== Instructions for the task ==
Every line from the one with "bathroom with vanity" to the end of the listing below must be printed exactly, with no other text and no pictures.

== Stored data ==
————————
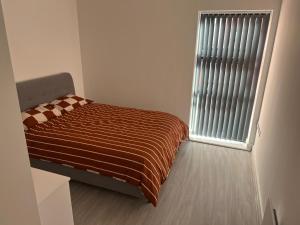 a small bedroom with a bed and a window at Luxe City Centre in Birmingham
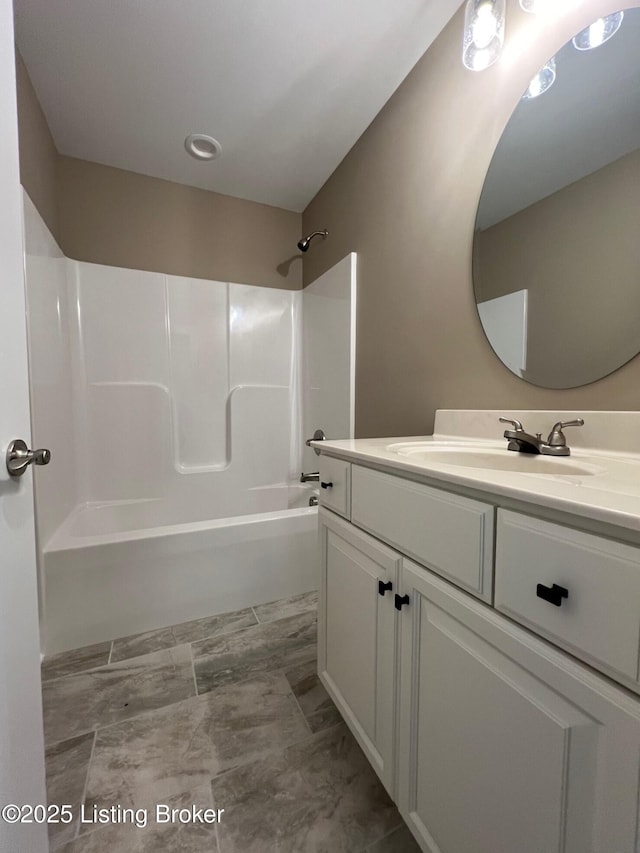 bathroom with vanity and bathing tub / shower combination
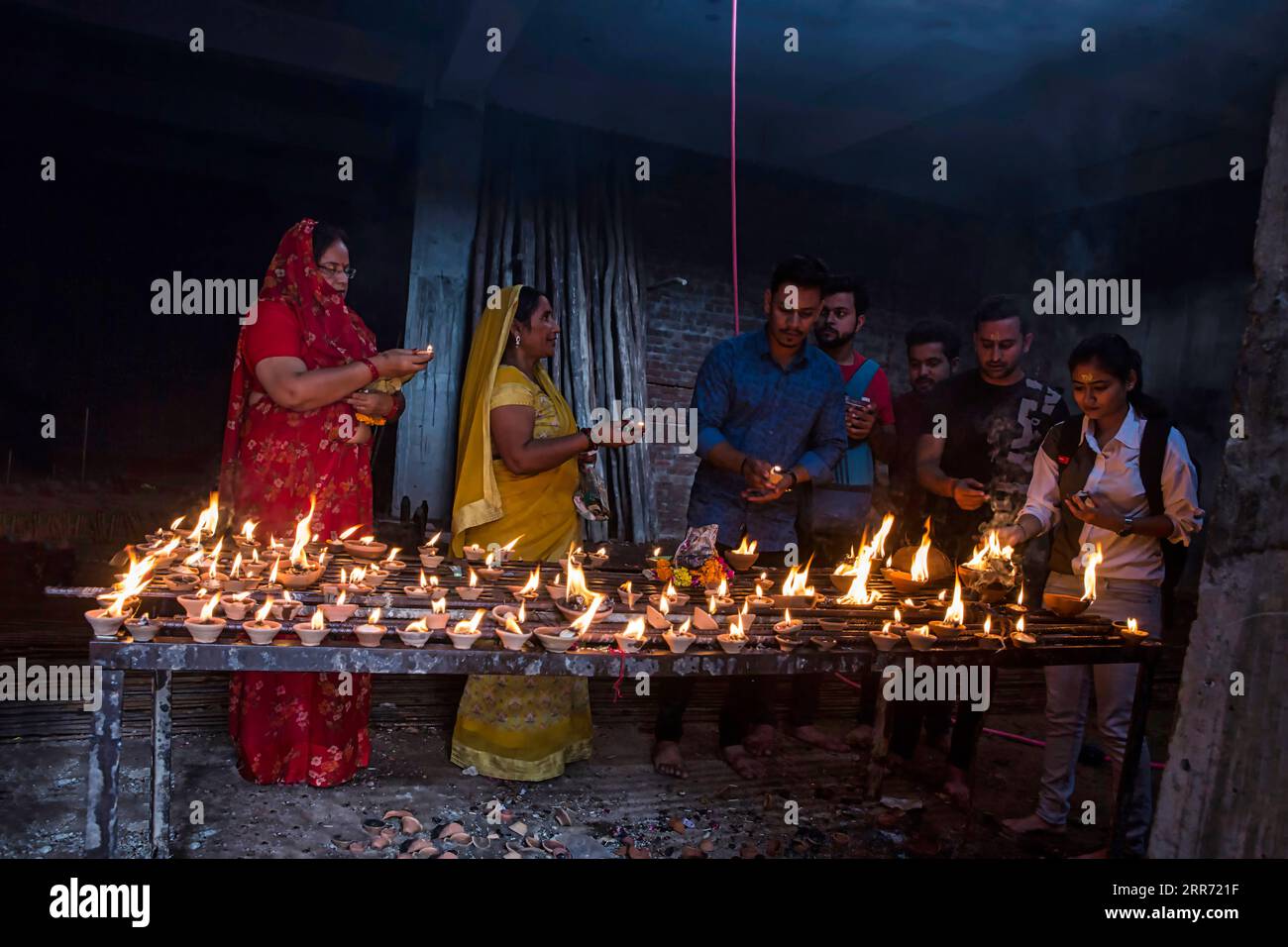 Vrindavan, Mathura, October 19th, 2020: Devotees lighting clay lamps to show there love and respect to Lord Shri Krishna at Banke Bihari temple Stock Photo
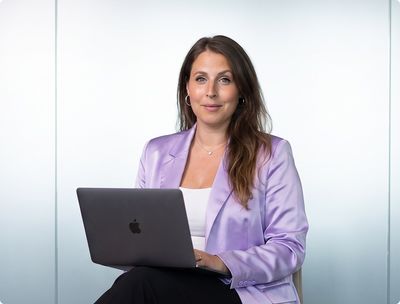 Lisa Dullnig sitzt mit einem Laptop auf den Knien vor einer hellen Wand.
————————
== Answer for this exercise ==
 bathroom with vanity and bathing tub / shower combination
 Vrindavan, Mathura, October 19th, 2020: Devotees lighting clay lamps to show there love and respect to Lord Shri Krishna at Banke Bihari temple Stock Photo
 Lisa Dullnig sitzt mit einem Laptop auf den Knien vor einer hellen Wand.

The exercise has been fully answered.